Since starting this change in my diet I have actually noticed a big difference in my energy levels. I have a lot more energy and get tired less often, even when I feel "sick". I feel more robust, and even when I get a fever my temperature is higher than it used to be a few months ago, which I see as a good sign because it may be that I have more energy now to really get a good, high fever going. I am gaining weight again. My stools are phenomenally regular and beautiful, and I have no adverse G.I. symptoms at all, not even a little gas. In the beginning when I started using the potato starch in my smoothies, I did see a little uptick in the amount of gas I had, but that subsided in a week or two.

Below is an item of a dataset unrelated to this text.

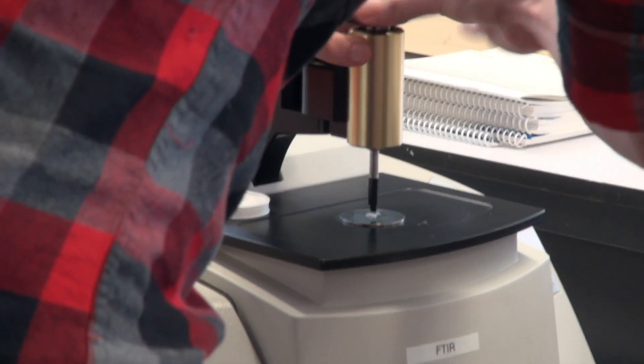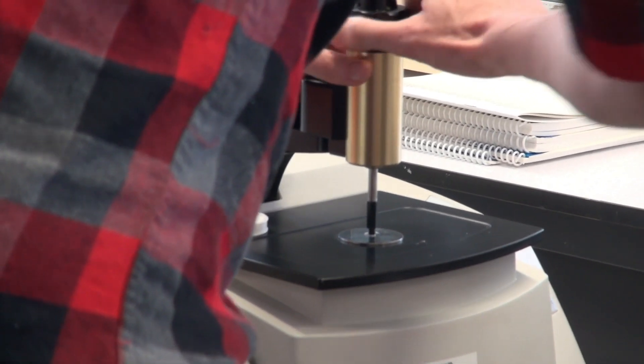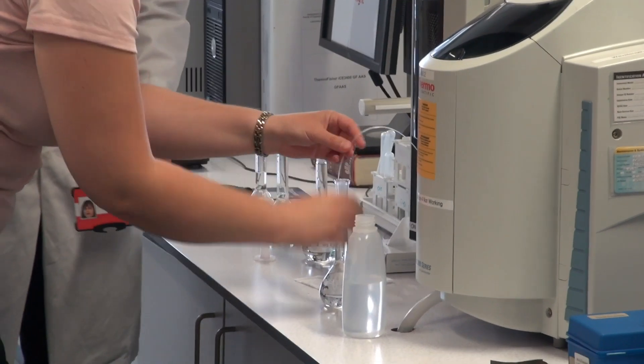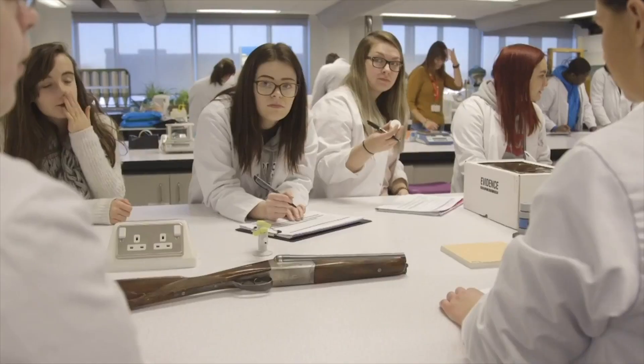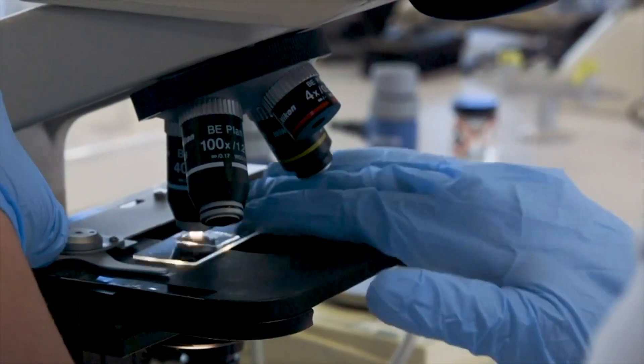In the first year they're analysing suspect powders for example using infrared spectroscopy. Then in the second year they spend a lot of time in here. We have a module called Methods of Chemical Analysis where they look at lots of different forensic scenarios and how all the instrumentation in here can be used to analyse different kinds of forensic evidence.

Anyway, as part of my new experiment I am focusing more on prebiotics. But be aware that in the beginning stages of the GAPS diet, prebiotics are significantly reduced and it is advised to avoid them as much as possible. This is because in someone with severe gut dysbiosis, eating prebiotics can actually feed those populations of pathogenic bacteria that are causing the person such digestive problems. However, as the theory goes, once these pathogenic bacteria have been "starved out" by adhering to a strict GAPS diet for many months, it may then be a good idea to begin to add in prebiotic foods alongside probiotic supplements to repopulate the guts with beneficial bacteria and to provide those bacteria with the fodder they need to rebuild a healthy and stable microbiome. In fact, eating prebiotic foods like fibrous veggies or potato starch has actually been proven to be more effective at building populations of probiotic bacteria like bifidobacteria in the colon than taking supplemental probiotics in pill form alone. However, I think the most effective strategy is to eat prebiotic foods and probiotic foods and supplements together, once the beginning stages of the GAPS diet have been completed. Again, every body is different, so the length of time one needs to stay on the strict GAPS diet and the way one begins to transition off the GAPS diet will look different for everyone.
So far I have liked the results of my new strategy, and I will continue to keep you updated on any changes or improvements I experience.